• REQUIRED WORK:
The answer is the exact run of lines in the listing below from the line containing "绿茵沙场烽烟起 金剑出鞘定乾坤" up to and including the line containing "Администрацията на парламента: Все", with pictures removed.

• THE RECORDS:
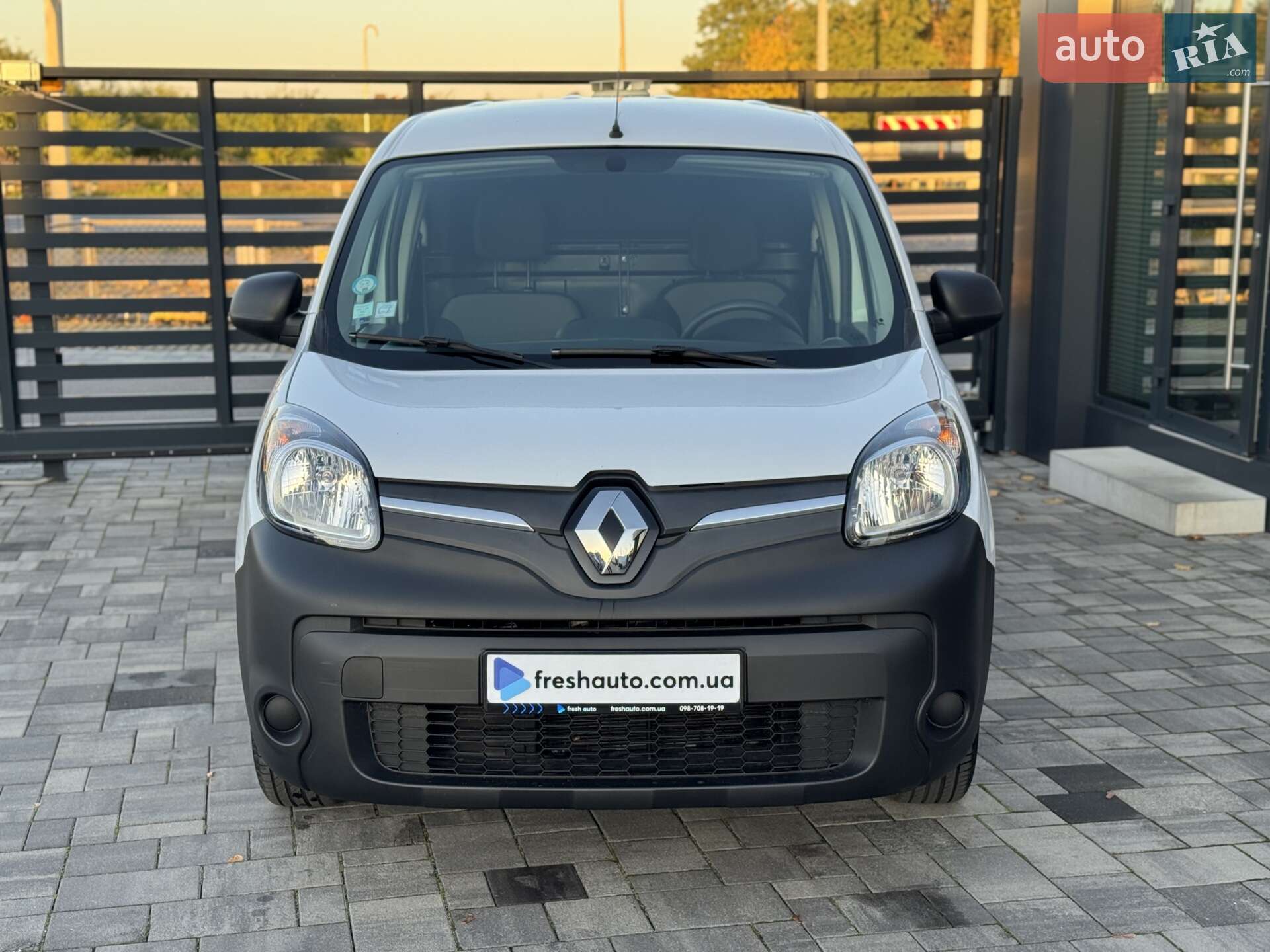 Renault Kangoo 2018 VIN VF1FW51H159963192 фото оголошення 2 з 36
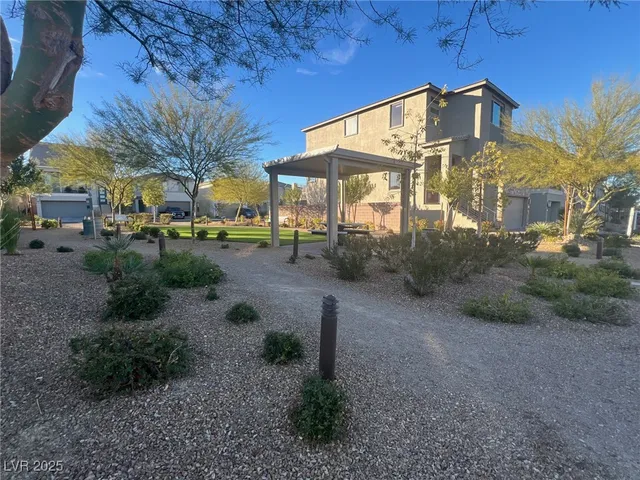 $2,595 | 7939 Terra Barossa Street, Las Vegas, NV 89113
...
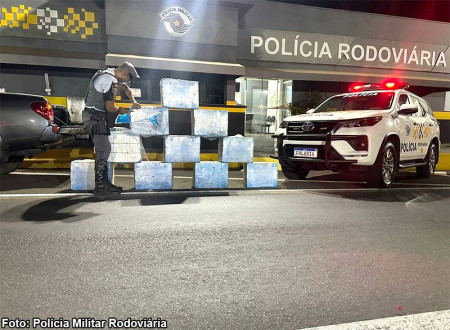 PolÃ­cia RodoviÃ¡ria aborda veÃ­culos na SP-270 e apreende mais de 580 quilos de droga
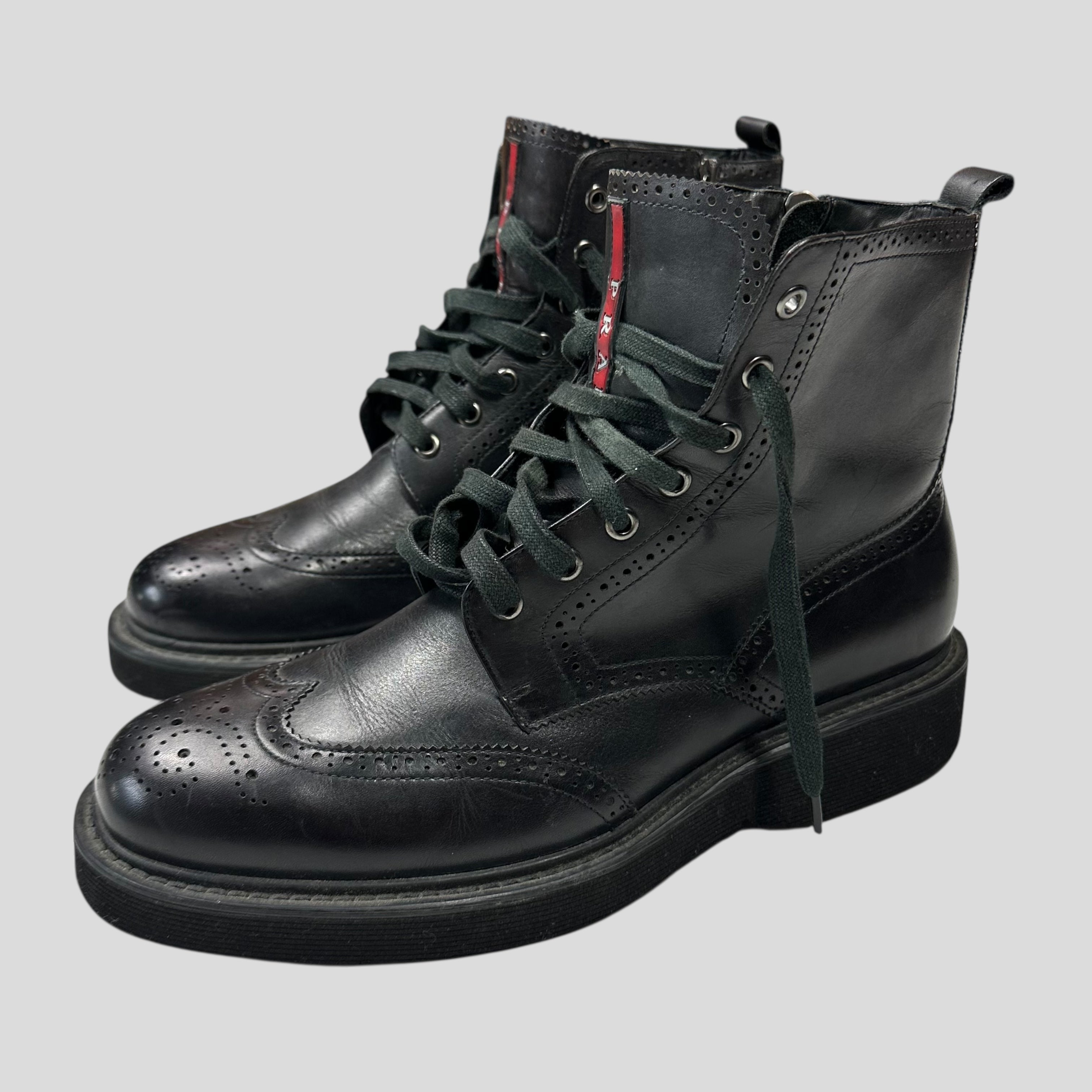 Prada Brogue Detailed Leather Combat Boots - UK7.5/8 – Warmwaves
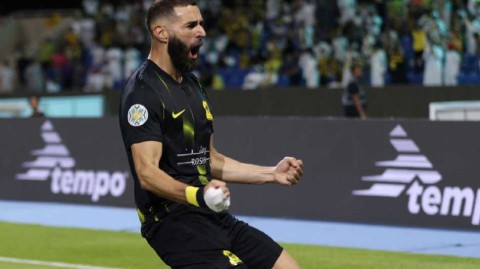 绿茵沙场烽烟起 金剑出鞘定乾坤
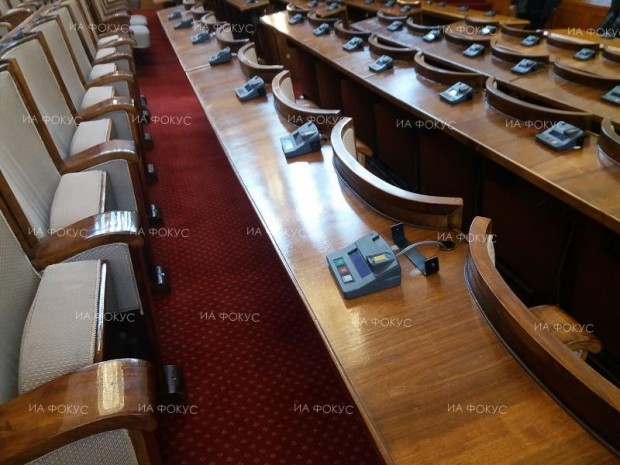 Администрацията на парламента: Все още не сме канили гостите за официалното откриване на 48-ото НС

• SOLUTION FOR THIS EXERCISE:
 绿茵沙场烽烟起 金剑出鞘定乾坤
 Администрацията на парламента: Все още не сме канили гостите за официалното откриване на 48-ото НС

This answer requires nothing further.